Our featured speakers this week are Alexandra Barth (Graduate Student, California Institute of Technology, USA), and Dr Ernesto Cortes Morales (Postdoctoral Researcher, University of Minnesota, USA).
LEARN MORE ABOUT THE SPEAKERS AND THEIR TALKS BELOW
ALEXANDRA BARTH (on Twitter @AlexTBarth)
Biography: Alex Barth is a graduate student at Caltech studying inorganic spectroscopy (transition metal electronic structure and reactivity) under Prof. Harry Gray. Alex is an NSF-GRFP fellow and received the DOE SCGSR fellowship towards an upcoming research internship at SLAC using x-ray spectroscopy methods. Outside of research, she has completed the Caltech teaching certificate program and received an outstanding mentorship award from Caltech Diversity.
Title of Talk: "Photoredox catalysis mediated by tungsten(0) arylisocyanides in 1,2-difluorobenzene"
Abstract: We have studied the photochemical cyclization of 1-(2-iodobenzyl)-pyrrole (IBP) and 1-(2-bromobenzyl)-pyrrole (BBP) to 5H-pyrrolo[2,1-a]isoindol catalyzed by W(CNDipp)6 (CNDipp = 2,6-diisopropylphenylisocyanide) in 1,2-difluorobenzene (DFB). Irradiation (445 nm) of W(CNDipp)6 (5 mol%) in DFB solution converted 78% of IBP (50 mM) to product after 1 h (16 turnovers). Addition of tetra-n-butyl ammoni-um hexafluorophosphate (TBAPF6) (0.2 M) to the DFB solution led to rapid photoinduced disappearance of W(CNDipp)6 but, remarkably, did not inhibit photochemical cyclization of IBP, indicating that IBP cyclization was driven by a nonluminescent photocatalyst.
DR ERNESTO CORTES MORALES (on Twitter @ernie2k)
Biography: Ernesto Cortes-Morales obtained his PhD in Physics from the University of San Luis Potosi, Mexico. He then moved to the University of Notre Dame to work as a postdoctoral assistant at the research group of Prof. Jonathan Whitmer until September 2021. Currently, he is a postdoctoral researcher at the research group of Prof. Sapna Sarupria at the University of Minnesota. His research interests include enhanced sampling methods on molecular simulations, theoretical insights of the glass transition, and molecular simulations of the ice nucleation phenomena.

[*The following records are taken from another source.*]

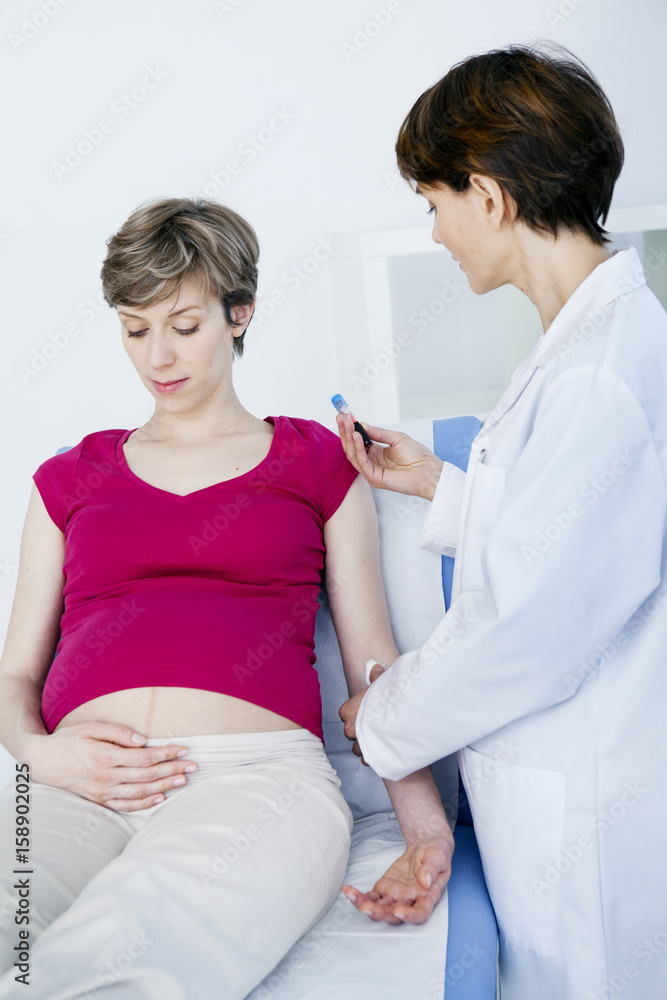 Fototapeta premium Blood sample being taken from pregnant woman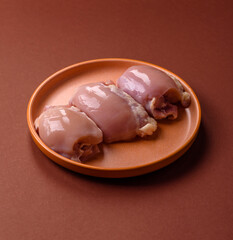 Raw chicken thigh fillet without skin and bone with salt and spices. Raw chicken fillet for cooking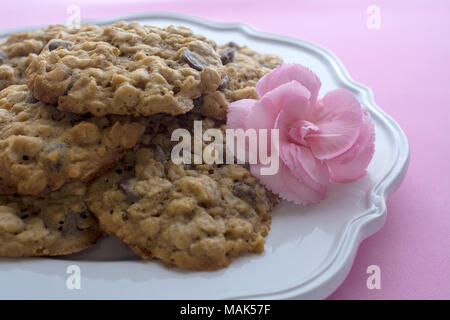 Chocolate Chip Cookies für Mutter auf rosa Hintergrund dekoriert mit rosa Blume Stockfoto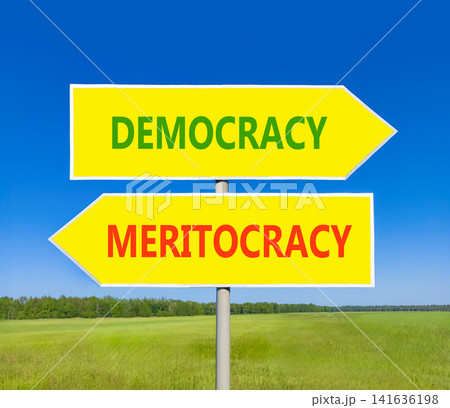 Democracy or meritocracy words symbol. Concept words Democracy Meritocracy on beautiful yellow road sign. Beautiful blue sky background. Business democracy meritocracy concept. Copy space Democracy or meritocracy words symbol. Concept words Democracy Meritocracy on beautiful yellow road sign. Beautiful blue sky background. Business democracy meritocracy concept. Copy space 141636198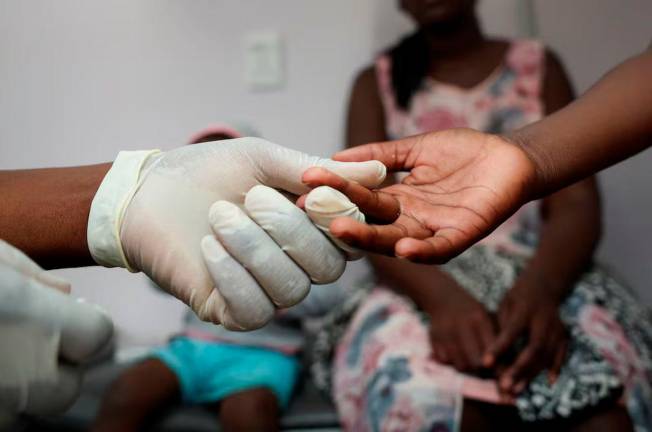 A nurse takes a blood sample from a child for an HIV test while the child’s mother looks on at a clinic in Diepsloot, north of Johannesburg, South Africa, March 12, 2025. REUTERS/Siphiwe Sibeko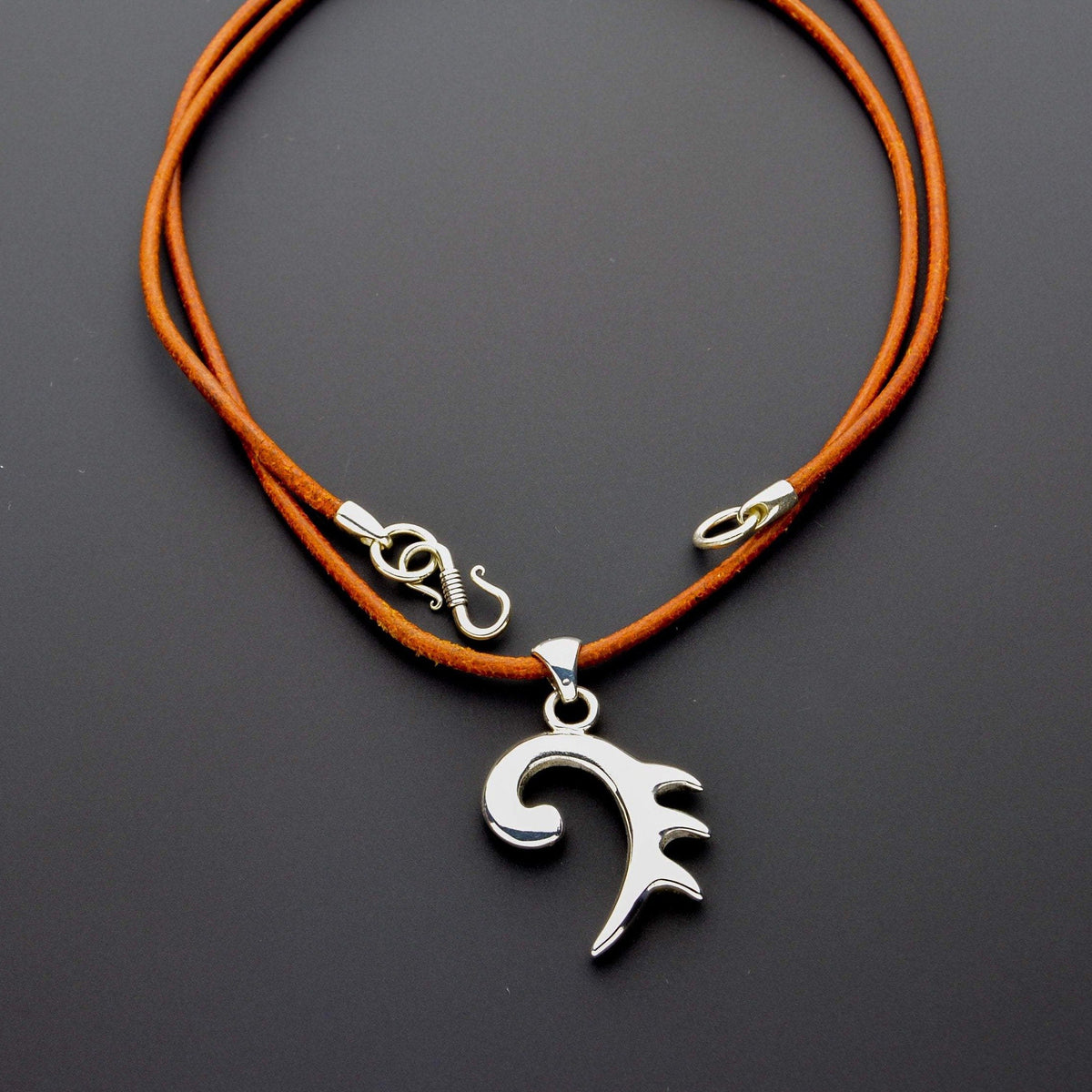 Nine amulets pendant and leather cord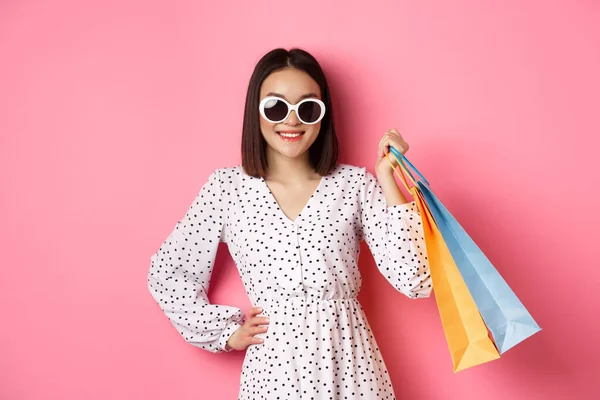 Attraktive lächelnde asiatische Frau mit Einkaufstaschen, Sonnenbrille und niedlichem Kleid vor rosa Hintergrund — Stockfoto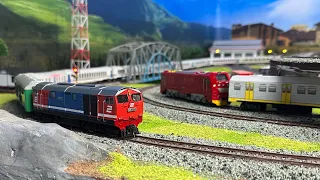 Indonesian Railways Miniature BB301 & CC300 Locomotives pull very long passenger car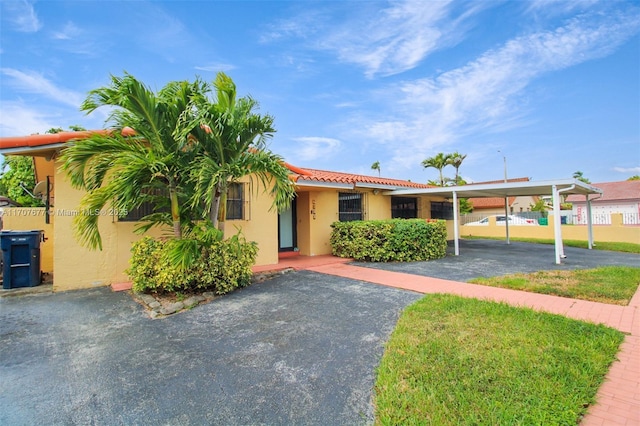 view of front of house featuring a tile roof and stucco siding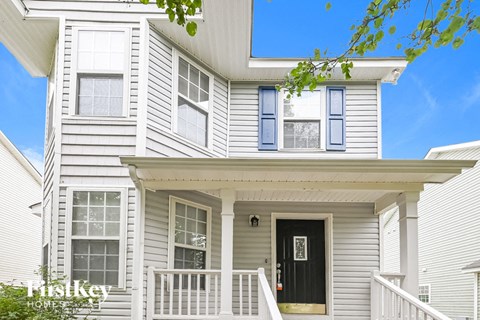 a white house with a black door and a porch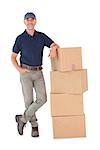 Happy delivery man leaning on pile of cardboard boxes on white background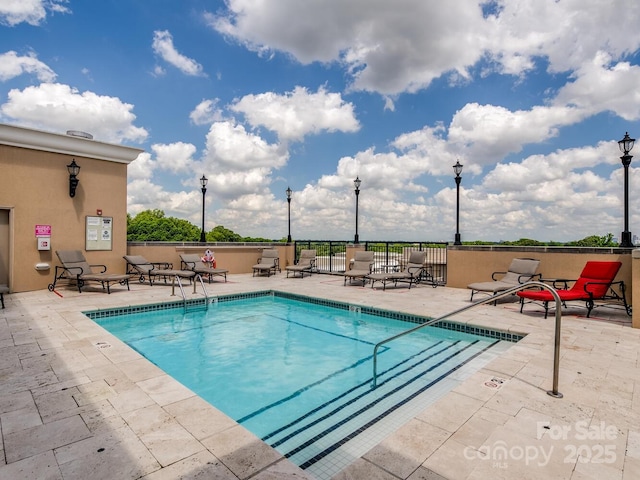 view of swimming pool with a patio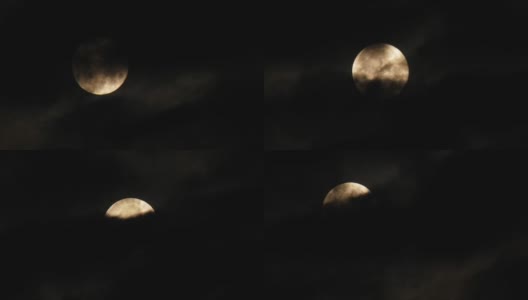2021年8月22日。蓝色的月亮跳舞。罕见的满月。天文现象。月亮以乌云为背景高清在线视频素材下载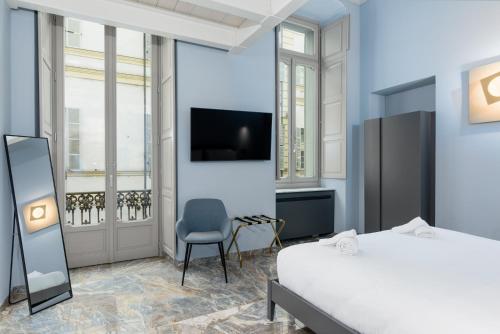 a bedroom with a bed and a chair and a tv at Q71 TIMELESS SUITES in Turin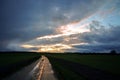 Wet reflecting country road made of concrete slabs is leading through the dark fields under a dramatic cloudy sky with evening sun Royalty Free Stock Photo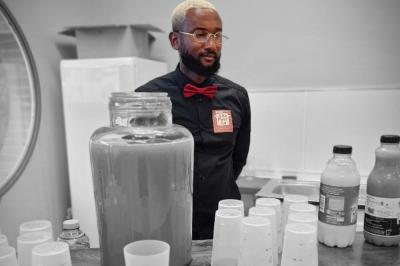 Assiette garnie de brochettes sur un ananas, accompagnée de légumes, sauces et bouchées frites.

Title of Talk: "Molecular view of the plasticization process of poly(vinyl) alcohol"
Abstract: Atomistic simulations are useful to address local interaction processes in a variety of materials, examples of this include self-assembly phenomena in polymers and host-guest binding applied to drug delivery and design. When designing simulations while incorporating advanced sampling methods in order to bias the potential energy surface towards pre-set slow collective variables, the simulation improves its efficiency thus allowing the treatment of realistic complex systems. In this work, we will follow the analysis of free energies governing the interactions of complex systems by employing the Artificial Neural Network (ANN) sampling method developed by Sidky and Whitmer. The discussion will highlight the configurational sampling using atomistic simulations of a polymer chain model interacting with different small-weight molecules, representing here the well-known plasticization process. We will focus on conformational and hydrogen-bond structure changes induced in polymer chain globules by the plasticizer molecules, while hypothesizing that hydrogen bonding plays an important role in the incorporation into polymer materials and thus, in the observed mechanical properties. The findings derived from this study showcase physical features relevant to the design of tailored materials, and the methods developed here are intended to be the first part of a robust framework applicable to an assortment of experimental materials designed for industrial purposes.